Eltern und Erziehungsberechtigte

Eine besondere Rolle in Verfahren gegen Jugendliche oder Heranwachsende haben Eltern oder sonstige Erziehungsberechtigte. Die Auseinandersetzung mit ihnen kann ziemlich unangenehm sein, wenn plötzlich die Polizei vor der Tür steht, eine Anklage im Familienbriefkasten liegt oder die Schule anruft, weil die Polizei oder die Jugendgerichtshilfe herumfragt. Sie können Druck aufbauen, eine Abkehr von politischen Aktivitäten und Freund*innen einfordern oder mit Rausschmiss und verpatzten Lebensläufen drohen, gerade wenn sie von der politischen Aktivität nichts wissen oder halten. Andererseits können ihr Verständnis und ihre Unterstützung in einem stressigen Verfahren sehr wertvoll sein. Aufgrund ihrer rechtlichen Verantwortung für die Minderjährigen müssen sie zum Beispiel den*die Rechtsanwält*in beauftragen. Dabei sollte die Wahl (möglichst eine Strafrechtler*in mit Erfahrung in politischer Prozessführung) immer im Einverständnis mit den Angeklagten erfolgen. Auch wichtig: Erziehungsberechtigte haben ein Zeugnisverweigerungsrecht – sie müssen nicht gegen ihre Kinder oder Schutzbefohlenen aussagen. Letztlich hängt vom konkreten Verhältnis der Jugendlichen und ihrer Eltern und auch von der politischen Einstellung der Eltern bzw. deren Umgang mit staatlicher Repression ab, was gemeinsam zu besprechen sinnvoll ist und was Angeklagte auch den eigenen Eltern gegenüber besser für sich behalten. Dass sie im Strafverfahren gegen Jugendliche einbezogen werden, heißt ja noch lange nicht, dass sie jedes Detail wissen müssen. Auch hier ist es hilfreich, sich mit Freund*innen auszutauschen, sich beraten zu lassen (vielleicht auch mit den Eltern zusammen) und gemeinsam einen passenden Umgang mit der Situation zu finden.
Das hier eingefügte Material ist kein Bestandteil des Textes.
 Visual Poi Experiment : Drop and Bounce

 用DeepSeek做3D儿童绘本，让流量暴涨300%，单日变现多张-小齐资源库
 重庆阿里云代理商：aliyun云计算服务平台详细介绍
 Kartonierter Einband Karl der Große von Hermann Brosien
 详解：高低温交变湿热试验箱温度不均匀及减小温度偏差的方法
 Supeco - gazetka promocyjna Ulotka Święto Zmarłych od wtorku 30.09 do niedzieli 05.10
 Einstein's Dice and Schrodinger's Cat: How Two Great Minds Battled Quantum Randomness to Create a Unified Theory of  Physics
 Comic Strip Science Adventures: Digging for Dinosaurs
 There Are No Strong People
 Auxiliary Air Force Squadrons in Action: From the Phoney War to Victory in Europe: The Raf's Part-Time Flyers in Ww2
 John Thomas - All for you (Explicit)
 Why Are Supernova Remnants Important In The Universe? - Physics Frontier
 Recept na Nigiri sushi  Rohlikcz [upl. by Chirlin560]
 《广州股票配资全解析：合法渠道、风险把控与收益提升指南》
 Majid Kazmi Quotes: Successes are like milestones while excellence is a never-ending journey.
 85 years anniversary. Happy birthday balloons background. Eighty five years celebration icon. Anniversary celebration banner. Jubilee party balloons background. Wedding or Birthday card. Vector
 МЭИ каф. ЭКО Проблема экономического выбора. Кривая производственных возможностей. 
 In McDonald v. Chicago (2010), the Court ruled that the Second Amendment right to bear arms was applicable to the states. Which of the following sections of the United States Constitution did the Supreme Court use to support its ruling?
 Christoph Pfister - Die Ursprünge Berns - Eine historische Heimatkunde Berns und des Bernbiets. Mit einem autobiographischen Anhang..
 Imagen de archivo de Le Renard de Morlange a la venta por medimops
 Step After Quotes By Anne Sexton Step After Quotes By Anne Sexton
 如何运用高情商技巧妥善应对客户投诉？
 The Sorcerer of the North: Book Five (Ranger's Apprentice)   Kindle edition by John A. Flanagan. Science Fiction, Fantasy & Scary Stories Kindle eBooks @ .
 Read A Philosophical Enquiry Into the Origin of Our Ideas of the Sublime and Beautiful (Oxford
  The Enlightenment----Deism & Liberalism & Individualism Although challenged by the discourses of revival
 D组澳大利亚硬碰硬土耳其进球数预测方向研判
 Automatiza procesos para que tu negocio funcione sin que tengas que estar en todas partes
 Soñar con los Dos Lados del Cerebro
Was kann im Strafverfahren passieren?

Bei Jugendlichen gehen Gerichte nicht nur von der Tat, sondern auch stark von der Person aus: Die Strafe soll erziehend wirken. Deshalb gibt es mehr Möglichkeiten als bei Erwachsenen, Verfahren einzustellen – dafür sind oft Bedingungen daran geknüpft. Auch bei den Strafen hat das Gericht mehr Mittel: Das können Arbeitsstunden sein, Verwarnungen oder Auflagen, bestimmte Dinge zu tun oder zu lassen, Orte oder Personen aufzusuchen oder zu meiden. Das können Aufsätze über das eigene „Fehlverhalten“ sein oder Entschuldigungsschreiben an „Opfer“, in schweren Fällen aber auch Jugend- oder Wochenendarrest oder sogar Haft. Insgesamt gilt der Grundsatz, dass unangepasste Jugendliche nicht (nur) bestraft werden sollen, sondern (auch) erzogen – nach Wahl des Gerichts durch demonstrative Härte oder relative Milde.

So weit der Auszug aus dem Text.